On Mon, 13 Sep 2010, Daniel Nordlund wrote:
I have been asked to look at options for doing relative risk regression on some survey data. I have a binary DV and several predictor / adjustment variables. In R, would this be as "simple" as using the survey package to set up an appropriate design object and then running svyglm with family=binomial(log) ? Any other suggestions for covariate adjustment of relative risk estimates? Any and all suggestions welcomed.

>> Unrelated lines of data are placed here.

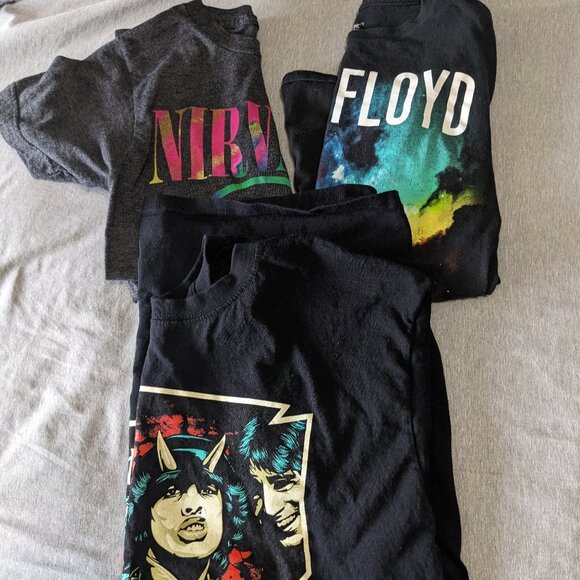 Juniors Nirvana Pink Floyd AC/DC t shirt lot of three - Picture 1 of 7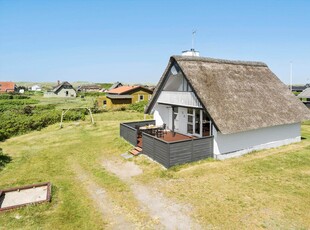 Dejligt og yderst vedligeholdt aktivitets sommerhus med en unik beliggenhed ved Henne Strand.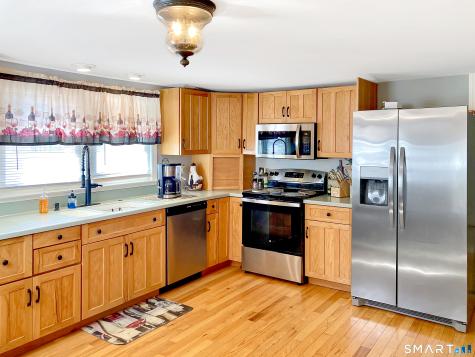 6 Schwartz Road Bozrah CT 06334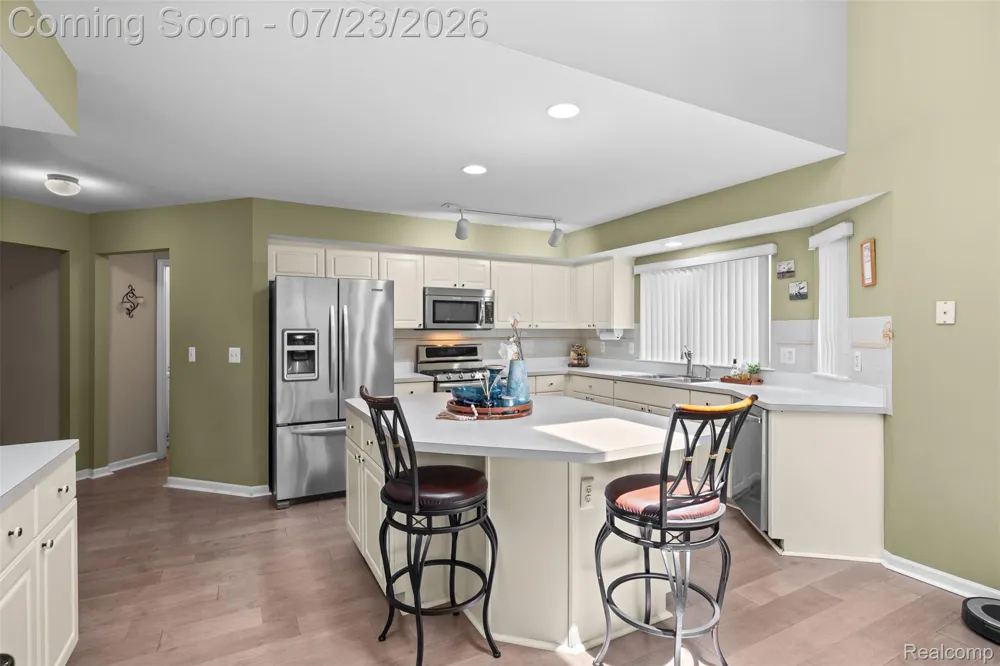 19550 Shorecrest Drive Clinton Charter Township, MI 48038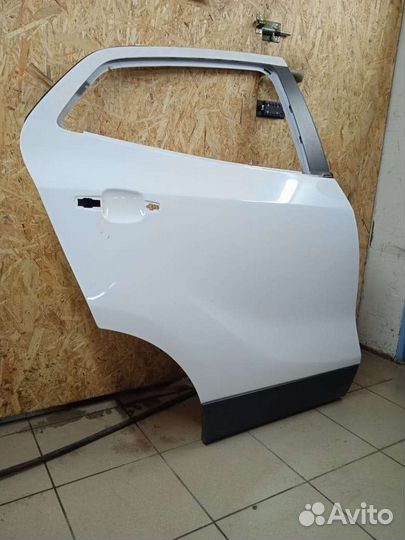 Дверь задняя правая Opel mokka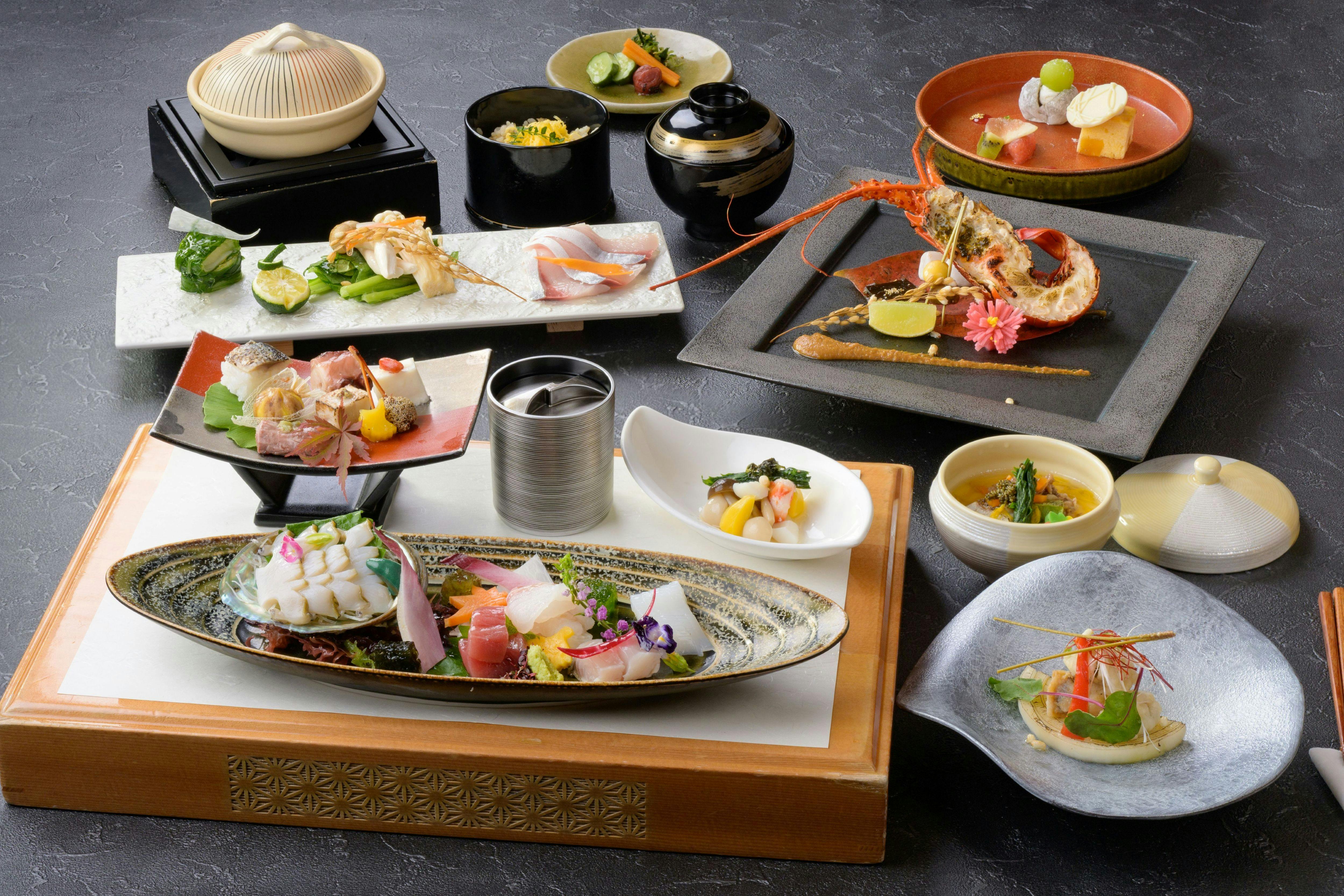 【夕食は後半席（20時前後確約）で最大2,200円OFF】伊勢海老・鮑付　味覚プランをお得に堪能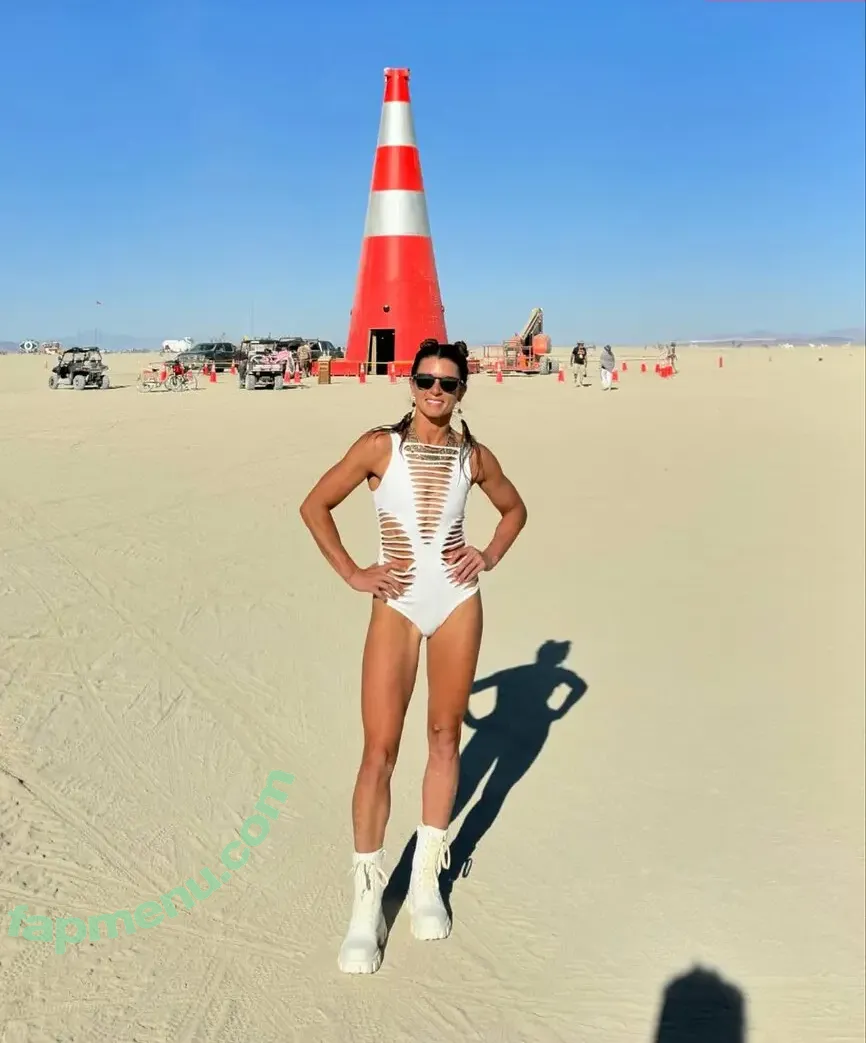 Danica Patrick nude photo #0139 (DanicaPatrick / Professional racing driver)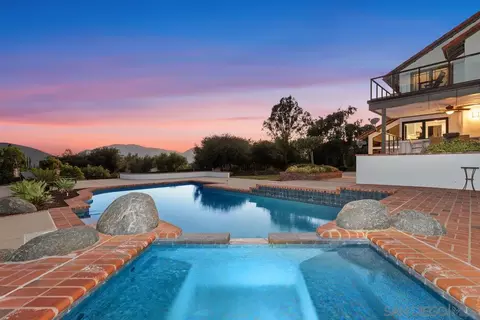 3453 Via Loma Vis, Escondido, CA 92029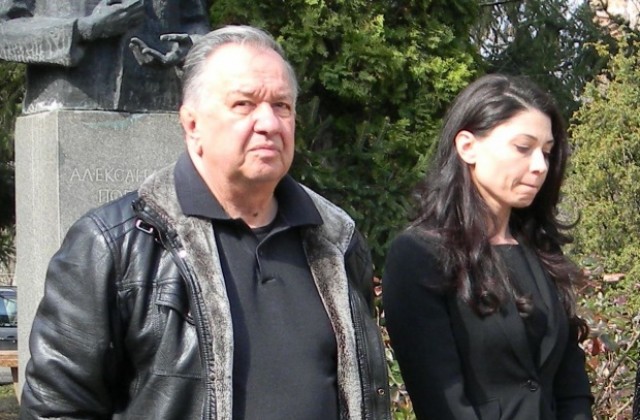 Семейството на Емил Шарков иска истината за операцията в Лясковец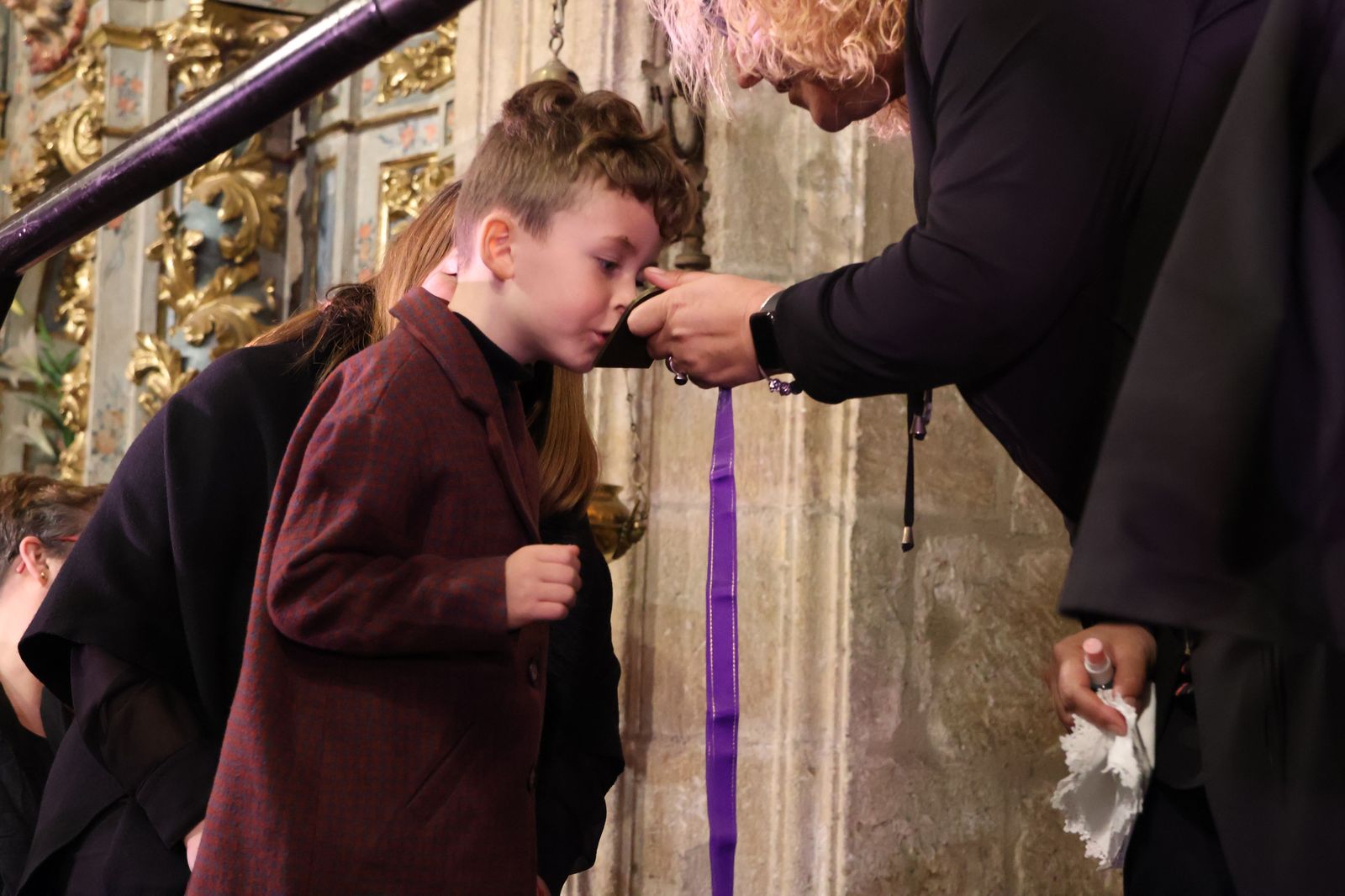 paso-de-los-ninos-ante-la-virgen-de-la-soledad-14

If the fitted values don't get too close to 1 then svyglm( ,family=quasibinomial(log)) will do it. The log-binomial model is very non-robust when the fitted values get close to 1, and there is some controversy over the best approach. You can still use svyglm( ,family=quasibinomial(log)) but you will probably need to set the number of iterations much higher (perhaps 200). Alternatively, you can use nonlinear least squares [svyglm(, family=gaussian(log))] or other quasilikelihood approaches, such as family=quasipoisson(log). These are all consistent for the same parameter if the model is correctly specified and are much more robust to x-outliers. I rather like nonlinear least squares, because it's easy to explain. -thomas Thomas Lumley Professor of Biostatistics University of Washington, Seattle ______________________________________________ R-help@r-project.org mailing list https://stat.ethz.ch/mailman/listinfo/r-help PLEASE do read the posting guide http://www.R-project.org/posting-guide.html and provide commented, minimal, self-contained, reproducible code.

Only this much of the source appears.